§ Your goal
Below are entries; copy exactly the lines from the one with "φωτογραφία 3 Hobby" through the one with "MX-5_2015_Interior_15", both included, and leave out the rest.

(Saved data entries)
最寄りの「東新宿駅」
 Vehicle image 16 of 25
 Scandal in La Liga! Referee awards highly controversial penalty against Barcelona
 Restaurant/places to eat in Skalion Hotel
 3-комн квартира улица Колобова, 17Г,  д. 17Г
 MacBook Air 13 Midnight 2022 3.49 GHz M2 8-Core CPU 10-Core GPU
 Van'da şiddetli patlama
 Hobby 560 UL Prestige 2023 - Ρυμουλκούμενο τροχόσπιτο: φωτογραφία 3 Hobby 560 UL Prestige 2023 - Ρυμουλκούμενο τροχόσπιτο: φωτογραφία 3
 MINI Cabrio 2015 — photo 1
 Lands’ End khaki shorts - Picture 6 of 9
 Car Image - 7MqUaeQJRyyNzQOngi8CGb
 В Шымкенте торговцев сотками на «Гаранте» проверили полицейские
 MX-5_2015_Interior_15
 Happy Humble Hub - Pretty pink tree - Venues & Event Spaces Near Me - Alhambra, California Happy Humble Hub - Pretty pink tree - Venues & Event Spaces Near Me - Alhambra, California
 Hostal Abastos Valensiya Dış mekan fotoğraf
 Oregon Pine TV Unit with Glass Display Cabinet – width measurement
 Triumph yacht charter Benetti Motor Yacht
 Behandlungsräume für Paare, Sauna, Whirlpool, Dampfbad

§ Answer below
 Hobby 560 UL Prestige 2023 - Ρυμουλκούμενο τροχόσπιτο: φωτογραφία 3 Hobby 560 UL Prestige 2023 - Ρυμουλκούμενο τροχόσπιτο: φωτογραφία 3
 MINI Cabrio 2015 — photo 1
 Lands’ End khaki shorts - Picture 6 of 9
 Car Image - 7MqUaeQJRyyNzQOngi8CGb
 В Шымкенте торговцев сотками на «Гаранте» проверили полицейские
 MX-5_2015_Interior_15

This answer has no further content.